Controlling Rights Synchronization in IRM 11g


synch icon

A colleague recently asked how you can control the periodic synchronization of rights and audit data in IRM 11g – and what are the defaults? What factors should you consider when deciding whether the default synch schedule is right for your organisation, and how does synching impact the performance of the client and the server in large deployments? What exactly is synchronized on each occasion?

By default, synchronization occurs Monday to Friday between the hours of 9am and 5.30pm. The admin UI for the synch schedule is pretty self-explanatory…

synch schedule

Each IRM Desktop evaluates that time window according to its local time zone, so if you have users scattered around the world, they will each synch during their respective working days. You’ll note that the time window is quite large – a full working day. This ensures that the server is not hit by large peaks of requests in large deployments. There is usually no great urgency to get the synch done at a particular time, so we set a broad window.

Each IRM Desktop will pick a random time during each time window – again so that they don’t all try at once – and automatically tries again at intervals in the event of failure. If the network is disconnected at the time, the IRM Desktop will watch for the next connection and try again. All of this is transparent to the user.

What exactly gets synchronized? Synchronization is a two-way activity. The server provides the client with a fresh statement of the user’s rights and resets the offline periods so that the user rarely, if ever, hits the expiry time. In most configurations, this provides the user with a cached copy of ALL of their rights. Our classification model makes this viable even at large scale – there might be thousands or millions of documents, but they are usually organised for policy purposes into a few classifications, and each user has rights to a few classifications. So, each IRM Desktop only needs to receive a small amount of policy information in order for the user to have access to thousands of documents. There is no need for a user to be sent any information about classifications that they do not have any right to use, so the set of information sent to each user is usually quite small.

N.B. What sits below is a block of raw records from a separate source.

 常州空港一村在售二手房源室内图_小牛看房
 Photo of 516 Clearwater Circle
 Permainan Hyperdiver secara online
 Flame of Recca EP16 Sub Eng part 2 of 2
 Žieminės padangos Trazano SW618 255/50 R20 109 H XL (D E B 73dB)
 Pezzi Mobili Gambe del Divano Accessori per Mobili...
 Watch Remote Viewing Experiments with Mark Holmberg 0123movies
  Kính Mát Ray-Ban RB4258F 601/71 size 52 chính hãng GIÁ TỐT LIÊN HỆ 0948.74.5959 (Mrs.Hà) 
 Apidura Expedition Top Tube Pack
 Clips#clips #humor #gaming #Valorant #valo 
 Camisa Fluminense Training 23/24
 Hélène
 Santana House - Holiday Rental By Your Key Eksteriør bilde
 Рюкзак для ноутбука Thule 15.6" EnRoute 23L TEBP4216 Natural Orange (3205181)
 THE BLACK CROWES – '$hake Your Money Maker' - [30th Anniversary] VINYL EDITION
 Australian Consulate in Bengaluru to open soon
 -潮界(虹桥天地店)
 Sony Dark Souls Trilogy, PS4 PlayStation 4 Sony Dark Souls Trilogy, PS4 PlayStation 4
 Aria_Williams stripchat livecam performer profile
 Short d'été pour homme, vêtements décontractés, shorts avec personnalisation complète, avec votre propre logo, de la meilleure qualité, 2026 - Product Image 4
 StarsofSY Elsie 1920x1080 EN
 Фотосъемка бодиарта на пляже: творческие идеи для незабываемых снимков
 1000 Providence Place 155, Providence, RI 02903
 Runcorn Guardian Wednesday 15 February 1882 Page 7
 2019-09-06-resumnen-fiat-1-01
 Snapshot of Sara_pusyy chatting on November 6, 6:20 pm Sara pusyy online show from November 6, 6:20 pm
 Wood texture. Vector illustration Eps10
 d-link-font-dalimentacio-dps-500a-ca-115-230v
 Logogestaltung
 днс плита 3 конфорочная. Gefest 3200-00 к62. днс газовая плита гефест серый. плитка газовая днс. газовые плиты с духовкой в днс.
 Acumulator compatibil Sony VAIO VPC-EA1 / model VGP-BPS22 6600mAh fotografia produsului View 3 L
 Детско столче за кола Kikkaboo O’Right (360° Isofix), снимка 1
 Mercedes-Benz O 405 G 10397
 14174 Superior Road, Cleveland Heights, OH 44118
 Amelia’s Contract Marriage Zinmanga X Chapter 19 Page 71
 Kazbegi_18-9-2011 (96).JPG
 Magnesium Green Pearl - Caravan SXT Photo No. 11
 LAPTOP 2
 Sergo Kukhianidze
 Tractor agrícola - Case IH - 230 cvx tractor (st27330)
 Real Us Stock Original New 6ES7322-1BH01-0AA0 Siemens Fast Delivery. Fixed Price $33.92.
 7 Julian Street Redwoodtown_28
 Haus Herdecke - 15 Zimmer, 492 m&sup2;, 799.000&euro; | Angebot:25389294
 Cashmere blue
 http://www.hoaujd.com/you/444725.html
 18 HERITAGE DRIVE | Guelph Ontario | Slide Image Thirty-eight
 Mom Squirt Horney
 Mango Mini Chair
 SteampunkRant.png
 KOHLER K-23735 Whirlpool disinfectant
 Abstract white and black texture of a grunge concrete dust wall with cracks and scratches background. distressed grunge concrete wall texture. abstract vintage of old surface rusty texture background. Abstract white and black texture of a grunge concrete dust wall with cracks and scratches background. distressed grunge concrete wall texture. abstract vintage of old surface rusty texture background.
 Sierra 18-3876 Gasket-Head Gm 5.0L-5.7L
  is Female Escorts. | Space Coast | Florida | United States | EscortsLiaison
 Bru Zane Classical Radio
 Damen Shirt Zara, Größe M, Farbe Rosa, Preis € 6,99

The server can also take the opportunity to inform the client of a change to the synch schedule, and to remind the client of the correct time from the server’s perspective.

In return, the client provides the server with the audit trail generated by its user since the previous synch event. This means that the server gets regular updates about offline usage of sensitive information. Some solutions only provide audit trail for events that involve contacting the server – so offline use is often invisible.

So why might you change the defaults? The most common reason is simply that your working week might not be Monday to Friday. If you have users in the Middle East, for example, you might configure the schedule accordingly. Alternatively, if you have a service in which rights rarely change, or you are not particularly worried about how quickly policy changes propagate out to users, you might reduce to a weekly schedule rather than daily – but the amount of traffic generated by synching is pretty modest so most customers stick with the defaults.

Another reason would be if you are not using the out-of-the-box classification model. If you are managing rights file-by-file or using some other model that involves a lot of policy configuration, then there might be a lot of information to synch to each user.

Another might be that it is REALLY important that policy changes be propagated rapidly or that audit trail be collected more frequently – so you might configure a lot of smaller windows during each day. Or you might modify some or all roles to achieve similar effects. You increase the traffic, but gain greater control and visibility.

Also, if appropriate, you can configure some or all roles to disable offline auditing. This reduces the amount of data that the client needs to send to the server. This might be useful if users are using a lot of sealed content and you are not too interested in the audit trail. Again, you choose which roles to exempt from auditing.

Thus, out-of-the-box we provide a powerful mechanism for ensuring timely propagation of policy changes and frequent upload of offline audit data – but we also give you a variety of controls to play with if needed.